Способность различения развивается при упражнении. Когда личный или практический интерес делает для нас результаты различения привлекательными, способность наша к различению удивительно изощряется. Продолжительное упражнение в различении так же благотворно влияет на соответствующую способность, как и личный интерес. Оба эти фактора позволяют незначительным степеням объективного различения влиять на сознание так же, как при других условиях на него могло бы влиять только значительное объективное различие.
Положение "практика ведет к совершенствованию" в сфере двигательных упражнений бесспорно. Но двигательные акты зависят отчасти от чувственного различения. Игра на бильярде, стрельба в цель, пляска на канате требуют способности весьма тонко различать малейшие изменения в ощущениях и отвечать на них соответствующими мышечными сокращениями. Всем известна артистическая способность различения в чисто чувственной области у покупателей любителей гастрономических тонкостей. Есть люди, способные различить вкус старой мадеры из верхней или нижней части бутылки; иной, пощупав муку, скажет, из какой пшеницы она смолота. Слепая и глухонемая Л.Бриджмен до такой степени изощрила чувство осязания, что могла узнать на ощупь руку той особы, с которой здоровалась за год до этого; а ее сестра по несчастью Ю.Брэс, как рассказывают, сортировала в Гартфордском приюте выстиранное белье своих многочисленных товарок при помощи необыкновенно развитого чувства обоняния.

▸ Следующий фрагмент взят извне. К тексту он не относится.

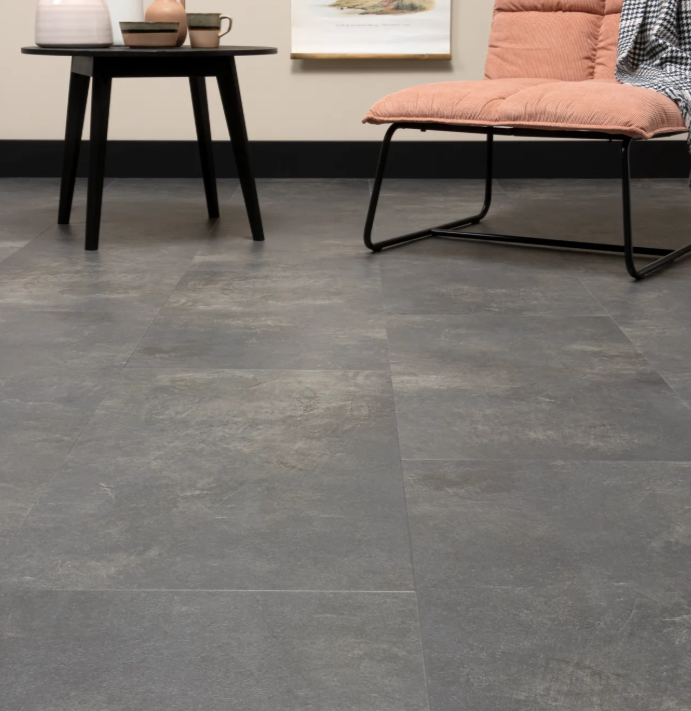 Click PVC laminaat vloer CanDo de Luxe steen antraciet 7 5 mm met ondervloer 1 5 mm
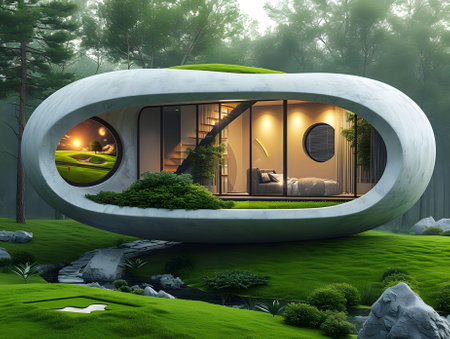 3d rendering of a green house in the middle of the forestの素材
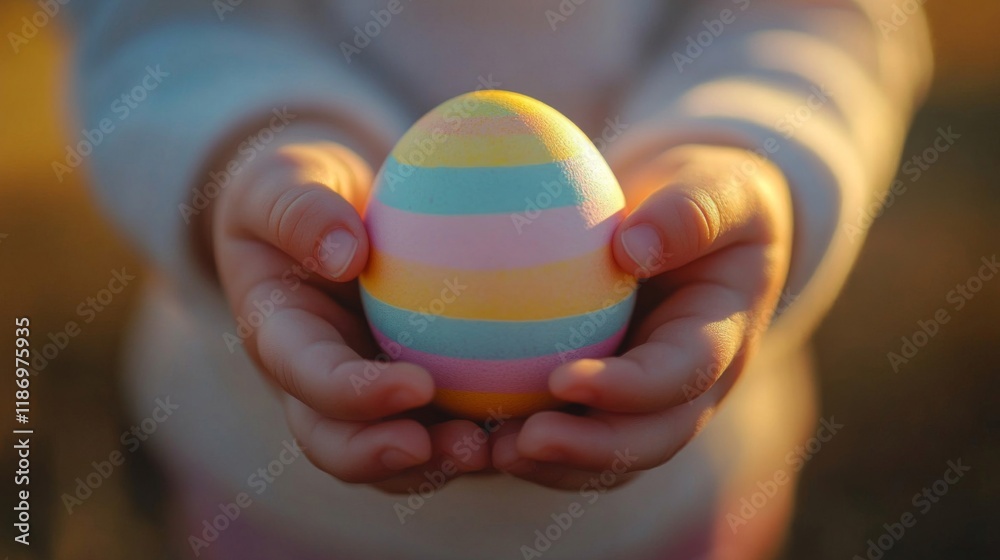 custom made wallpaper toronto digitalChild Hands Hold Colorful Easter Egg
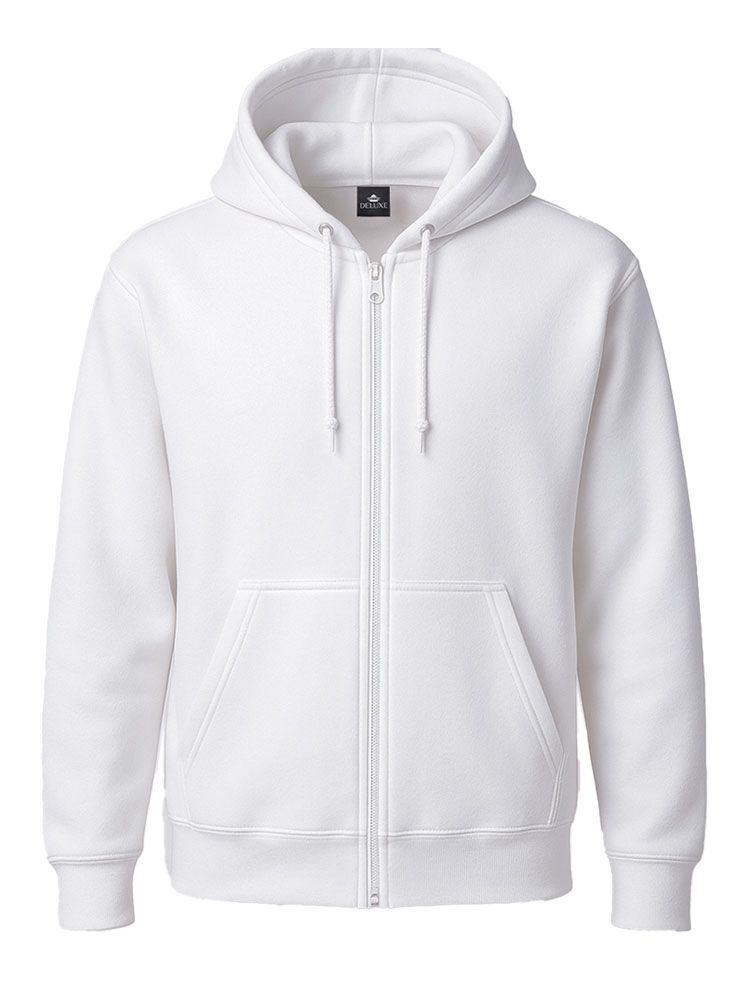 Weiße Unisex Kapuzen-Sweatjacke, gerade geschnitten, mit Kängurutaschen und Kapuze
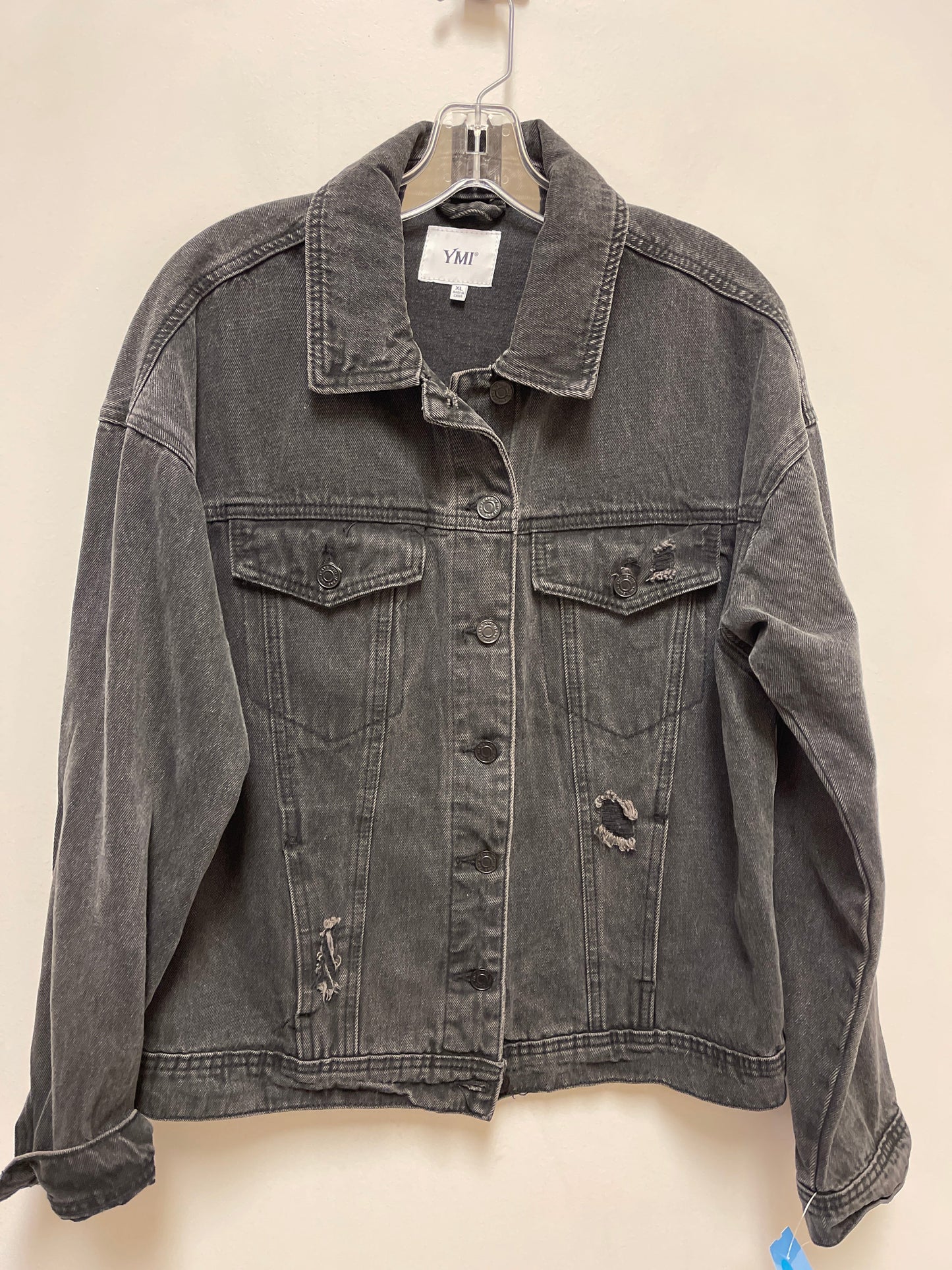 Jacket Denim By Ymi In Grey Denim, Size: Xl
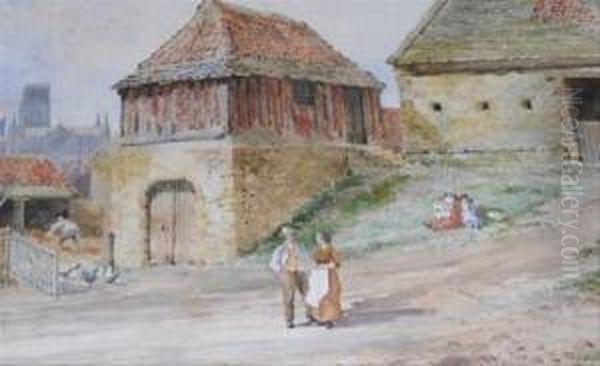 Figures Before A Tythe Barn, With Cathedral Distant - view 1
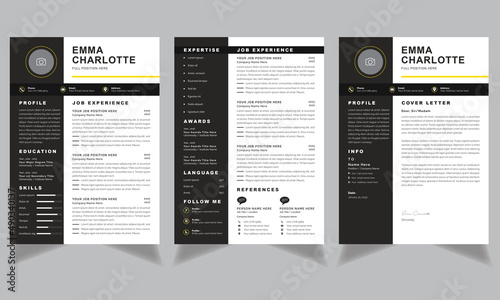 Modern Resume Layouts Creative Cv and Cover Letter Templates with Black Sidebar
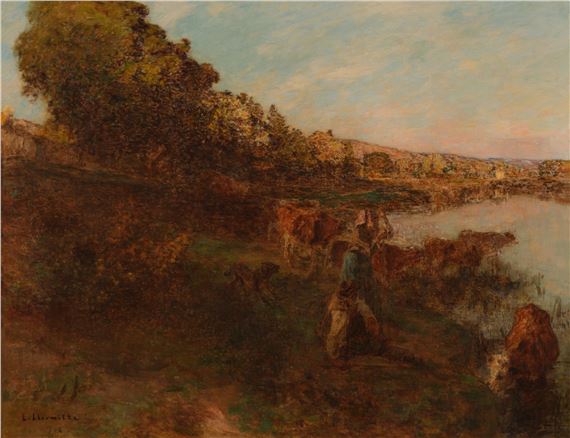 Herd by the Water's Edge (Troupeau au bord de l'eau by Léon-Augustin L'Hermitte, 1904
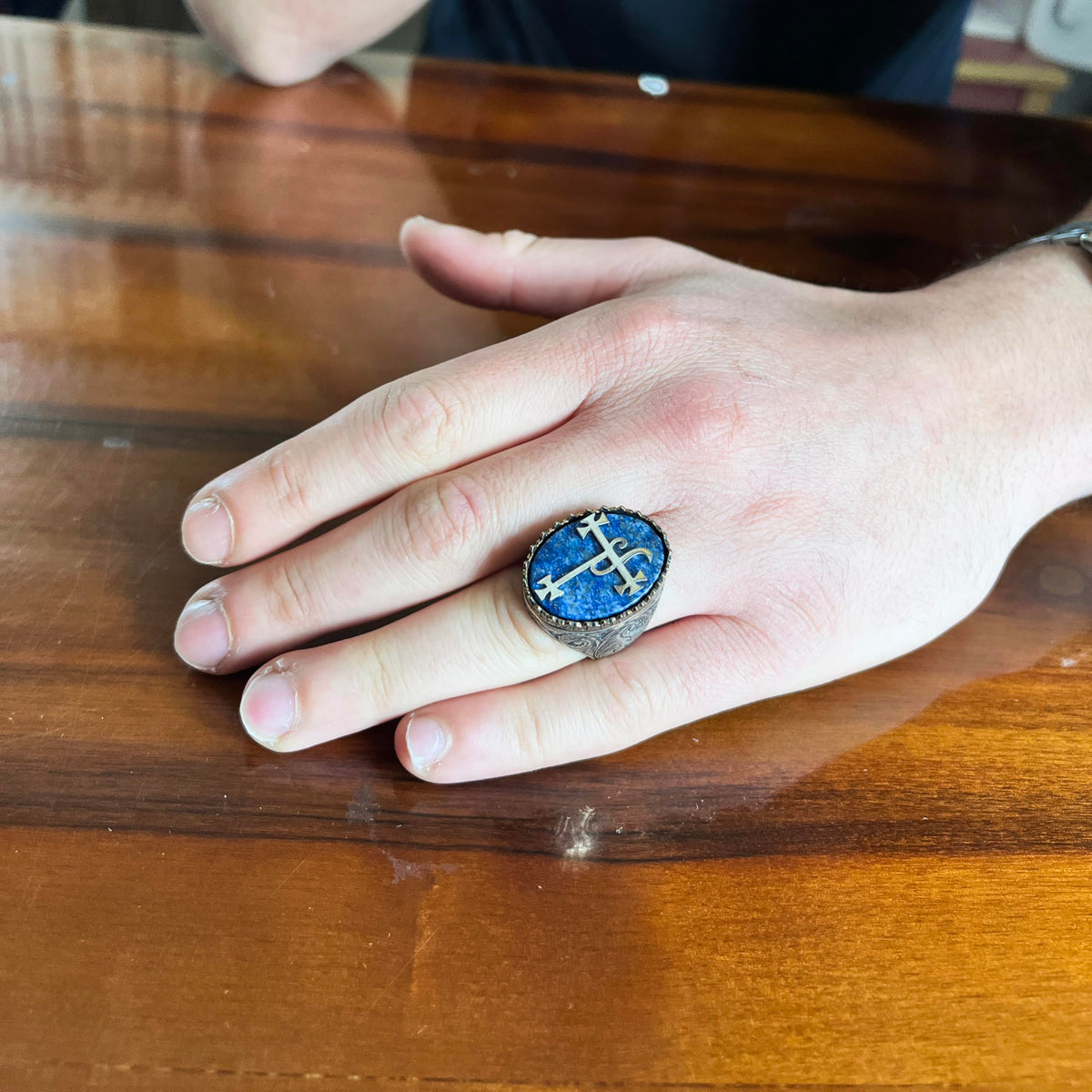 KAMBO Natural Stone 925 Sterling Silver Men's Ring – Large Oval Stone Symbolic Statement Ring (Lapis Lazuli) — 3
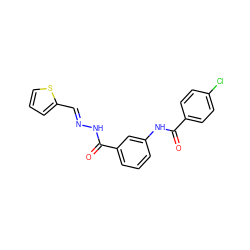 O=C(N/N=C/c1cccs1)c1cccc(NC(=O)c2ccc(Cl)cc2)c1 ZINC000005175905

Зависимость способности различения от упражнения так хорошо всем известна, что почти никто из психологов не считал нужным искать для этого объяснения. По их мнению, по-видимому, практика должна утончать способность различения дальше этого они не идут. По большей части психологи говорят: "В данном случае внимание направлено на объект различения; внимание же мы направляем на более привычные вещи, а объект внимания всегда сознается отчетливее". Ответ хотя и справедлив, но слишком общий, более подробных соображений по этому вопросу мы со своей стороны дать здесь не можем.